The National Academies released a report this year on the state of the asteroid survey, and according to their assessment, there just isn’t the specific infrastructure required to complete it. “Although Congress has charged NASA with NEO detection and threat characterization, it has failed to provide specific funding to enable NASA to adequately pursue this task.” The report suggested pursuing a dedicated successor to NEOWISE, called NEOCam.
Then, of course, there are the smaller asteroids, which can cause local damage and strike with little-to-no warning. The 20-meter (66-foot) Chelyabinsk meteor exploded above Russia in 2013, shattering windows and injuring 1,491 people. This past December, a meteor exploded over the Bering Sea with 10 times the force of the Hiroshima bomb. These smaller impacts fall below the 140-meter limit set by Congress, but still have the potential to cause small-scale damage.

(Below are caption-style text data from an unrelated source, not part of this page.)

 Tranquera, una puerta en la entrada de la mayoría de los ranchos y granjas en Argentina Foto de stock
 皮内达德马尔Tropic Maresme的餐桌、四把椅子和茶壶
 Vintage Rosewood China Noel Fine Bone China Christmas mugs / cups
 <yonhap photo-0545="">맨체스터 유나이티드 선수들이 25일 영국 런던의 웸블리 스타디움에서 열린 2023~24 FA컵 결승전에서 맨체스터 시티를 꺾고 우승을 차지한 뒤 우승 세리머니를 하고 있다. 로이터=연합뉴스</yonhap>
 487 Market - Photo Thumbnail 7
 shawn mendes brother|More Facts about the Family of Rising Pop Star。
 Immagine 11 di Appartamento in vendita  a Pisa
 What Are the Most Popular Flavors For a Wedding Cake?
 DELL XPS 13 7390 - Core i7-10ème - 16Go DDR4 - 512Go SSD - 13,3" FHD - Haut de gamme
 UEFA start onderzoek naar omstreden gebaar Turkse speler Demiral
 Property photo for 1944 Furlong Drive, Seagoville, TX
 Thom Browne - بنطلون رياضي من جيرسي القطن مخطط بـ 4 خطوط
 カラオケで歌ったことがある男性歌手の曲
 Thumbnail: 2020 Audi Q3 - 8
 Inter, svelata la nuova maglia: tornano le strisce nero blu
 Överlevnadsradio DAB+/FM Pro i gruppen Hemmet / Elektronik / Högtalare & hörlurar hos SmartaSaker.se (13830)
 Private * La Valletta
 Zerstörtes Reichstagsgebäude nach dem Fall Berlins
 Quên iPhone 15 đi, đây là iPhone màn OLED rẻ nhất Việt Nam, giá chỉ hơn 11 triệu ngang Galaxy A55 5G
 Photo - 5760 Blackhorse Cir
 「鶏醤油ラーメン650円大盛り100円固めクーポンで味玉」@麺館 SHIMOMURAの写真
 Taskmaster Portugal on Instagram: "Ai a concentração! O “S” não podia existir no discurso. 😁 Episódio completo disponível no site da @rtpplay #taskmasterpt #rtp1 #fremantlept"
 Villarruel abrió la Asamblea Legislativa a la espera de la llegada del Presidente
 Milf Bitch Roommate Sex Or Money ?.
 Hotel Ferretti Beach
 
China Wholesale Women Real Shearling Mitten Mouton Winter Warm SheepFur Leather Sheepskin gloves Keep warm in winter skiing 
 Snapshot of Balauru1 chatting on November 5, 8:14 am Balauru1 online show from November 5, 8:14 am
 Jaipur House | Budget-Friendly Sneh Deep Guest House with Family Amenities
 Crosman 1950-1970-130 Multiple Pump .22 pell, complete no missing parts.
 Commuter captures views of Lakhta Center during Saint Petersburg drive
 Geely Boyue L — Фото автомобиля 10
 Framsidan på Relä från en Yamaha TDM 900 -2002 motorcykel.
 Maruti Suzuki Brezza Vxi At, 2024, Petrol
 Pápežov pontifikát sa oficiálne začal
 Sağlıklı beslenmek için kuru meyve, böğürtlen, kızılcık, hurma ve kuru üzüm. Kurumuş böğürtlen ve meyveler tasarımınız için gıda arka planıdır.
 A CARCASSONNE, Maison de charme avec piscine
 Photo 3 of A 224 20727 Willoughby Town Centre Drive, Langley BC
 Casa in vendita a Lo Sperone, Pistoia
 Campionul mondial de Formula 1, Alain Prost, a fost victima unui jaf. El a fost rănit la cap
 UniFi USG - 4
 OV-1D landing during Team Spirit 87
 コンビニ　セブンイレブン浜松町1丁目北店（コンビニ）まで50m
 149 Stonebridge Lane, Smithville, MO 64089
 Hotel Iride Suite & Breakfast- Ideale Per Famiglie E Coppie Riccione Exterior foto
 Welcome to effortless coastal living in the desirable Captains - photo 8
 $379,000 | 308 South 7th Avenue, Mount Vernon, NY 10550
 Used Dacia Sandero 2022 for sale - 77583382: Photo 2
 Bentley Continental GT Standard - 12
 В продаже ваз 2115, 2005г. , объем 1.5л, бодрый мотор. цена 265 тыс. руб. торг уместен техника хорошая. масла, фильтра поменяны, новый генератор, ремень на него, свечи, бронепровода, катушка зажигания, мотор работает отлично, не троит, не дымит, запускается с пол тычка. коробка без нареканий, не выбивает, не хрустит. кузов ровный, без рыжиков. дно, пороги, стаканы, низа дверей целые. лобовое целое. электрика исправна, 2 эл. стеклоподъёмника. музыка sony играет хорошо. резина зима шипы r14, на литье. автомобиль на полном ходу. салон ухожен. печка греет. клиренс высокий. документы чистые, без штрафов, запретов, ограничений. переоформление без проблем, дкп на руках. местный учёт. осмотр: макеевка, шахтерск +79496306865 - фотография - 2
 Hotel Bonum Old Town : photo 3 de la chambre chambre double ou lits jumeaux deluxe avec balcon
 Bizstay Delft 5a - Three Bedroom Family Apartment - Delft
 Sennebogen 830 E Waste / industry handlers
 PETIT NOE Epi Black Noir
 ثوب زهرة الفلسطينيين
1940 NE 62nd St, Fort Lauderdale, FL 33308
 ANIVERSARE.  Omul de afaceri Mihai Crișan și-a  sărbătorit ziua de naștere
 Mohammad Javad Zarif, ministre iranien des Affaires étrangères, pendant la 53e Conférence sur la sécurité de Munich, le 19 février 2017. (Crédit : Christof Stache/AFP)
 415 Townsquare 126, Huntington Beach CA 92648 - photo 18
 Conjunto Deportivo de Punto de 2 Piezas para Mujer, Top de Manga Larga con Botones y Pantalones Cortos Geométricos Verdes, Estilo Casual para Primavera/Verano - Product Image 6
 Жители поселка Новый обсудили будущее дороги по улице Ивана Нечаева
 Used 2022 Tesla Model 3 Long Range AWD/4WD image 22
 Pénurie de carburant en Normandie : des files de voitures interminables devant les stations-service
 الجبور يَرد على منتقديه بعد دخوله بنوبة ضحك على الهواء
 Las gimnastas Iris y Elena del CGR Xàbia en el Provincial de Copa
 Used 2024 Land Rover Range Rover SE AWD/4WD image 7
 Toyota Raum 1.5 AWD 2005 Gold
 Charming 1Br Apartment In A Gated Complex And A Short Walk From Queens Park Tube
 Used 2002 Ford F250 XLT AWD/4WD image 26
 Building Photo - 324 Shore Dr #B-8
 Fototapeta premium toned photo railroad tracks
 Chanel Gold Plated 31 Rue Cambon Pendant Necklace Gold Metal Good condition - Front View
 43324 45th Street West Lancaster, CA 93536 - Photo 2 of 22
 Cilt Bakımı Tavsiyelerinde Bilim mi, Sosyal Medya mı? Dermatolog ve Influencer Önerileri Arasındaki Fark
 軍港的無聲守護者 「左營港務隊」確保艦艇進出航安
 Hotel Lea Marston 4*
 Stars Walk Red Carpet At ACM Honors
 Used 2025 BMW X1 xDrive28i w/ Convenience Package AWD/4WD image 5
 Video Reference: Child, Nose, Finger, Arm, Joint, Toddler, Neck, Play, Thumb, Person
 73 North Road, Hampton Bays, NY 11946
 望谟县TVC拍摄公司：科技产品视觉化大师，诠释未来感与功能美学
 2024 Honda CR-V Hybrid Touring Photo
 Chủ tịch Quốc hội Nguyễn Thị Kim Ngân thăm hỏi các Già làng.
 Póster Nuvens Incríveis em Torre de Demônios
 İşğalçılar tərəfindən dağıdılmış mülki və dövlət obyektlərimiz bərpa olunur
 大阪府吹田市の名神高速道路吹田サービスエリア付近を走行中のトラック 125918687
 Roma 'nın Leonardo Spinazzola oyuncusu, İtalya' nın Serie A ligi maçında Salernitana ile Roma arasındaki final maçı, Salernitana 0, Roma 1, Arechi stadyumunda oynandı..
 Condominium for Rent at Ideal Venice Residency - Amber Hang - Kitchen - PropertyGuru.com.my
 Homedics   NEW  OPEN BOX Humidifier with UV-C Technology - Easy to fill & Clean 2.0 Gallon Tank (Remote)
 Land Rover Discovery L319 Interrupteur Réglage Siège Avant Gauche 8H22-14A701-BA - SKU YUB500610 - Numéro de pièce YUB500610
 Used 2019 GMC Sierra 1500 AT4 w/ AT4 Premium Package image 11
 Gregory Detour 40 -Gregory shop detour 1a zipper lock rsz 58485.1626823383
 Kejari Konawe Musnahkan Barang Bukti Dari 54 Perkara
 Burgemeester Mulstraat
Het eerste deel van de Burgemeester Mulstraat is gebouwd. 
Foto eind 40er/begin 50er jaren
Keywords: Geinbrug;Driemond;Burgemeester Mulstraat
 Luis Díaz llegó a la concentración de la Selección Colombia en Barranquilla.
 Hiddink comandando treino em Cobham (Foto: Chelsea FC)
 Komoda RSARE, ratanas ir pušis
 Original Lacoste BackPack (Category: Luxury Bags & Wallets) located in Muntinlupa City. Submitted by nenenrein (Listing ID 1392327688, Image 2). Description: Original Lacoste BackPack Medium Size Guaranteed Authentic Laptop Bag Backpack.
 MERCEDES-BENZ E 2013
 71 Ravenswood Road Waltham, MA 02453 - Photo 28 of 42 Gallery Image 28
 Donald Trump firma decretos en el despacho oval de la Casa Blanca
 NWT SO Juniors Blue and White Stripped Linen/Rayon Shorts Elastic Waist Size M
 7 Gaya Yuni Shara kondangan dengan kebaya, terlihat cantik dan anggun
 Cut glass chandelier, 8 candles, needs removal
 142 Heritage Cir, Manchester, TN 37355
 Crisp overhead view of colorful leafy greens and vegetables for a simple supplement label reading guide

When it comes to assessing the likelihood of an impact and the damage it will cause, scientists take into account the size of Earth, as well as how often asteroids of different sizes hit. Harmless, dust grain-sized meteors hit Earth almost constantly and burn up in the atmosphere; the odds of a 1-meter asteroid striking Earth amounts to around one impact per year and then become less likely with the size of the asteroid squared; the odds of a 100-meter rock striking are once per 10,000 years and a 1,000-meter asteroid once per million years, according to one Tufts University fact sheet. “Another one of these Chelyabinsk-type events can easily happen in our lifetime,” Bosloughsaid. But as far as what to worry about, “There have only been a handful of these events, whereas typhoons, hurricanes, and major flooding events happen every year somewhere on Earth.”
And as for larger events, they’re potentially preventable with enough lead time. For example, NASA’s OSIRIS-REx mission is studying the properties of asteroid Bennu, a potentially hazardous asteroid with the potential to threaten Earth in the next few centuries. Then there’s the Double Asteroid Redirection Test (DART) mission, a demonstration that will slam a spacecraft into the smaller asteroid in the (65803) Didymos binary at 3.7 miles per second, or 13,320 miles per hour. The ESA’s Hera mission will follow up and take observations of the collision’s effects. Scientists hope these missions will change the smaller asteroid’s orbit around the larger asteroid, and that in the future, NASA or other space agencies could use these “kinectic impactor” missions to change a future threatening asteroid’s orbit enough to miss Earth.
There are other ideas for changing potentially hazardous asteroids’ orbits as well. Space agencies could just put a really heavy thing next to the asteroid to redirect it via the force of gravity, or remove matter from the asteroid’s surface. Of course, there’s always the last-minute option of nuking an asteroid that presents an imminent threat—but in this year’s Planetary Defense Conference tabletop exercise, scientists chose to nuke a large asteroid that would have leveled Denver, a decision that inadvertently destroyed New York City.
Scientists now take this threat seriously. Despite the low probability of an asteroid impact, its dire consequences mean that this will continue to be an important area of research, one that requires probably about the amount of attention it presently receives—but maybe not any more or less.
“Doom is pretty much out of the picture in our lifetimes and the lifetimes of our kids and grandkids,” Boslough said. “Once you get out to 100 years, future generations can keep looking, and if they find something they can do something about it.”